Let ${\displaystyle {}V}$ be an ${\displaystyle {}n}$-dimensional ${\displaystyle {}K}$-vector space over a field ${\displaystyle {}K}$. Let

${\displaystyle {}0=V_{0}\subset V_{1}\subset \ldots \subset V_{n-1}\subset V_{n}=V\,}$

be a flag in ${\displaystyle {}V}$. Show that there exists a bijective linear mapping

${\displaystyle \varphi \colon V\longrightarrow V}$

such that this flag is the only ${\displaystyle {}\varphi }$-invariant flag.

Let

${\displaystyle {}M={\begin{pmatrix}a&b\\c&d\end{pmatrix}}\,}$

be a matrix over a field ${\displaystyle {}K}$.

a) Show that there exists a matrix that is similar to ${\displaystyle {}M}$, and where at least one entry equals ${\displaystyle {}0}$.

b) Show that, in general, there does not exist a matrix that is similar to ${\displaystyle {}M}$, and where at least two entries equal ${\displaystyle {}0}$.

Hand-in-exercises

Trigonalize the complex matrix

${\displaystyle {\begin{pmatrix}2+{\mathrm {i} }&3\\5{\mathrm {i} }&1-{\mathrm {i} }\end{pmatrix}}.}$

Decide whether the matrix

${\displaystyle {\begin{pmatrix}5&-1&3\\7&9&8\\6&2&-7\end{pmatrix}}}$

is trigonalizable over ${\displaystyle {}\mathbb {R} }$.

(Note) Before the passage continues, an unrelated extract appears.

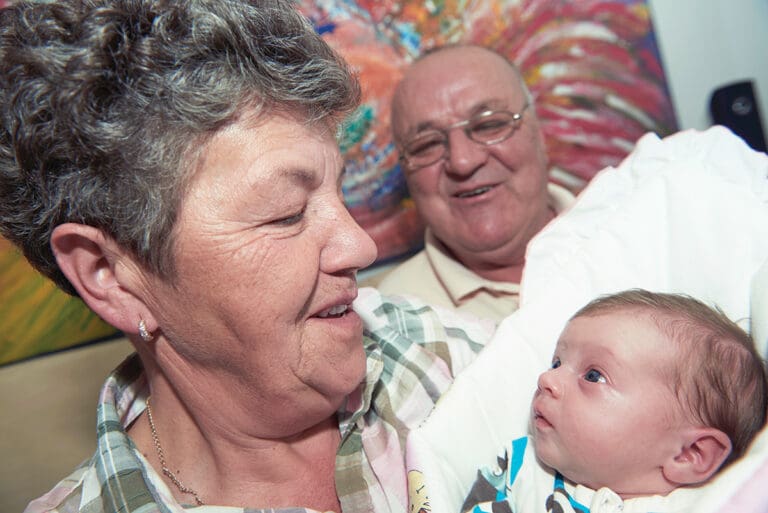 vecteezy_family-portrait-with-grandparents-parents-and-baby_31023410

Determine whether the real matrix

${\displaystyle {\begin{pmatrix}1&5&6&2\\5&7&-4&-3\\0&0&-2&8\\0&0&1&9\end{pmatrix}}}$

is trigonalizable or not.

Let ${\displaystyle {}M}$ be a real matrix that is over ${\displaystyle {}\mathbb {R} }$ not trigonalizable. Show that ${\displaystyle {}M}$ is over ${\displaystyle {}\mathbb {C} }$ diagonalizable.

Let

${\displaystyle {}M={\begin{pmatrix}a&b\\c&d\end{pmatrix}}\,}$

be a matrix over ${\displaystyle {}\mathbb {Q} }$, whose trace is ${\displaystyle {}0}$. Show that there exists a matrix ${\displaystyle {}N}$ of the form

${\displaystyle {}N={\begin{pmatrix}0&r\\s&0\end{pmatrix}}\,}$

that is similar to ${\displaystyle {}M}$.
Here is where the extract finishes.